══ Dataset records

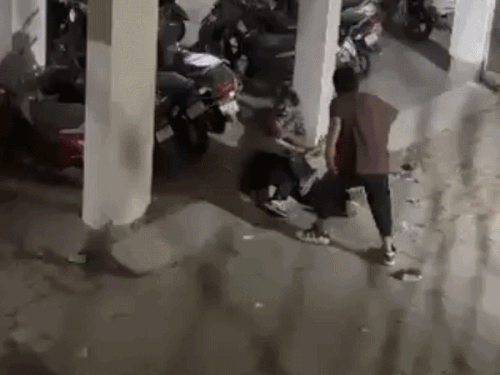 गार्ड से मारपीट, थाने पहुंचे यूनिक बिल्डिंग के क्षेत्रवासी:लाठी-डंडों से मारपीट का आरोप, घेराव कर आरोपियों को गिरफ्तारी करने की मांग
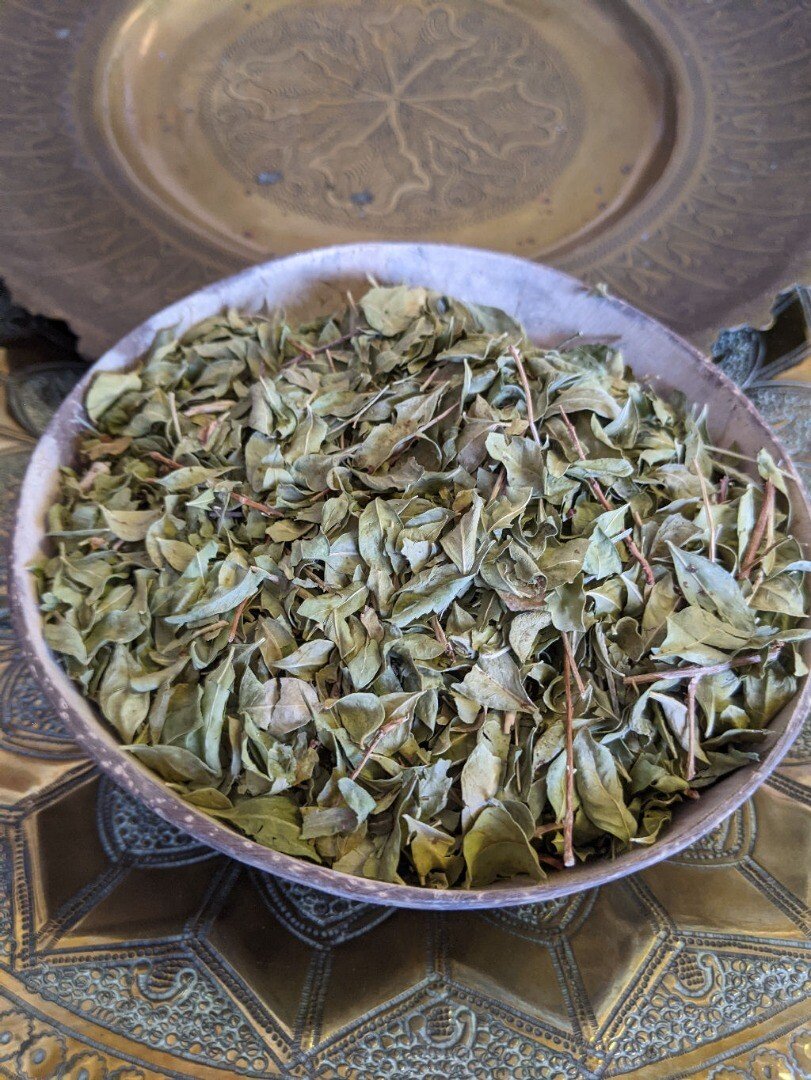 518911_f0c4b41a-74de-42d7-a2b7-50e18b38676f0.jpg 200g / 0.44lbs Genuine Moroccan Henna leaves dried RAW MATERIAL - Image 1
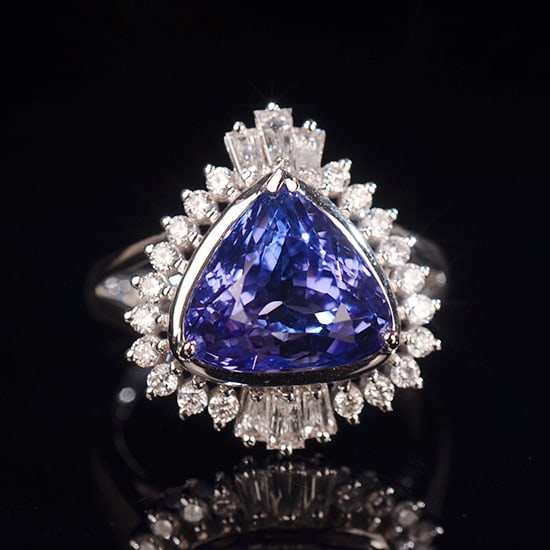 14k Gold 5.58 Ctw Natural Tanzanite & Diamond Ring: Ref:231045047 // gold content:14k gold // ring size:7. 25us // // main gemstone:tanzanite // shape:triangle // carat weight:5. 09ct // color:blue // treatment:natural // // adjacent gemstone 2 :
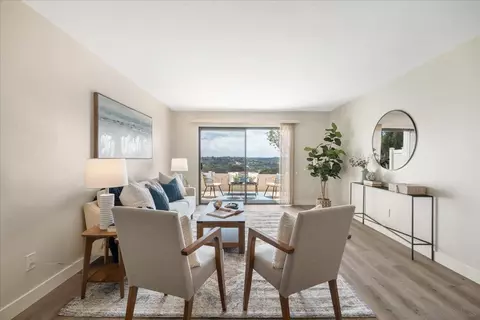 Living - 245 Fairlee, Encinitas, CA 92024 photo 2 of 3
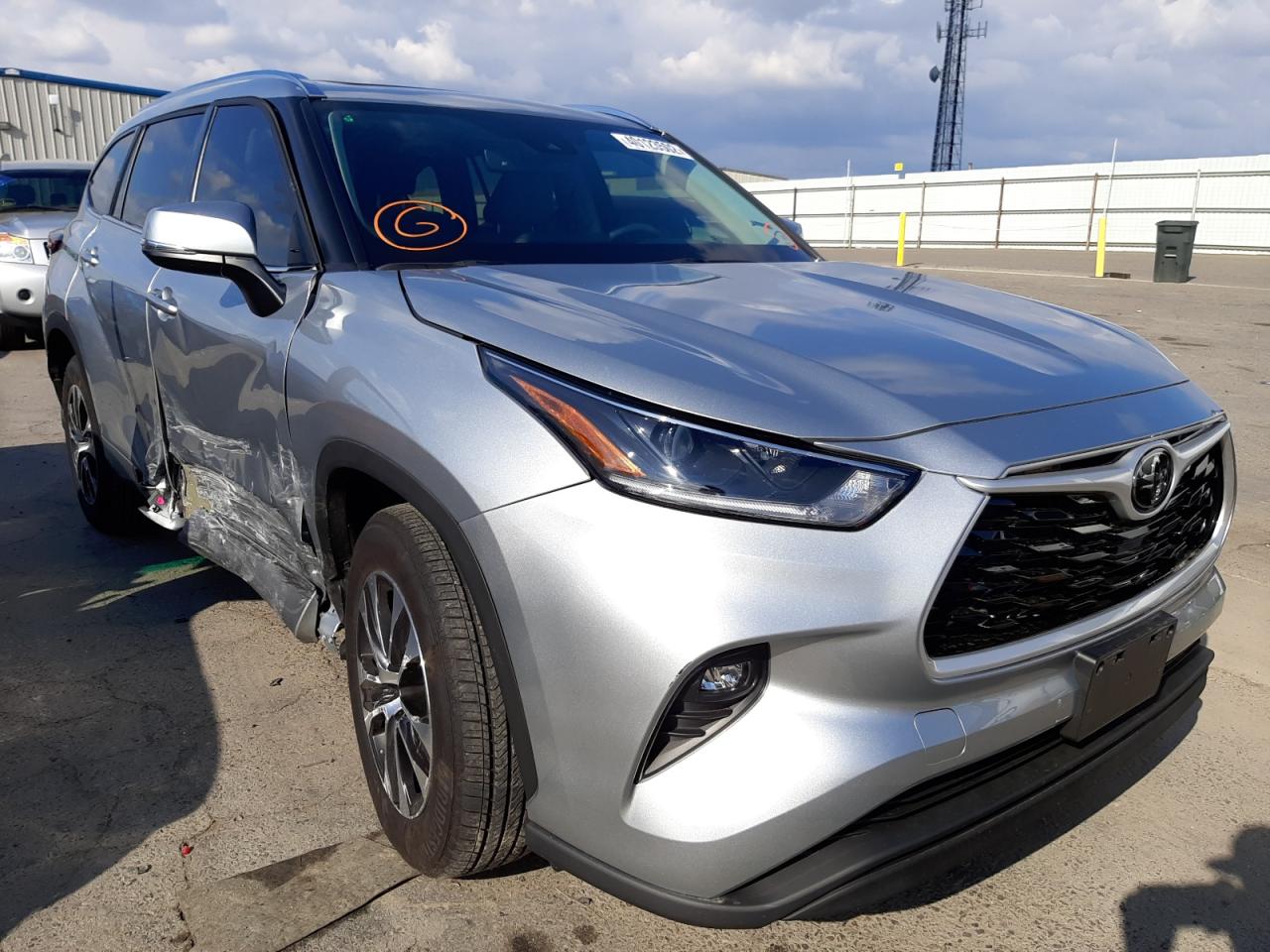 TOYOTA HIGHLANDER 2021 with VIN 5TDHZRAH7MS527831 - Photo from auction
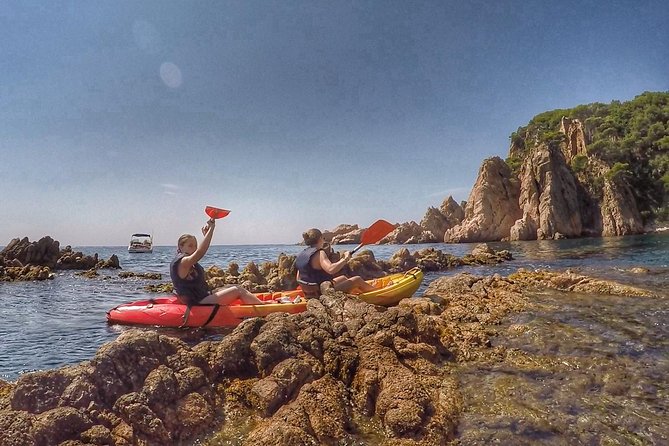 Costa Brava Tour with Kayak & Lagoon Snorkeling - Free time, lunch, and the return ride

════

→ Your instructions: Starting at the line with "TOYOTA HIGHLANDER 2021" and stopping at the final line of the material, reproduce each line exactly, both ends included. Leave the pictures out.

→ Exercise solution:
 TOYOTA HIGHLANDER 2021 with VIN 5TDHZRAH7MS527831 - Photo from auction
 Costa Brava Tour with Kayak & Lagoon Snorkeling - Free time, lunch, and the return ride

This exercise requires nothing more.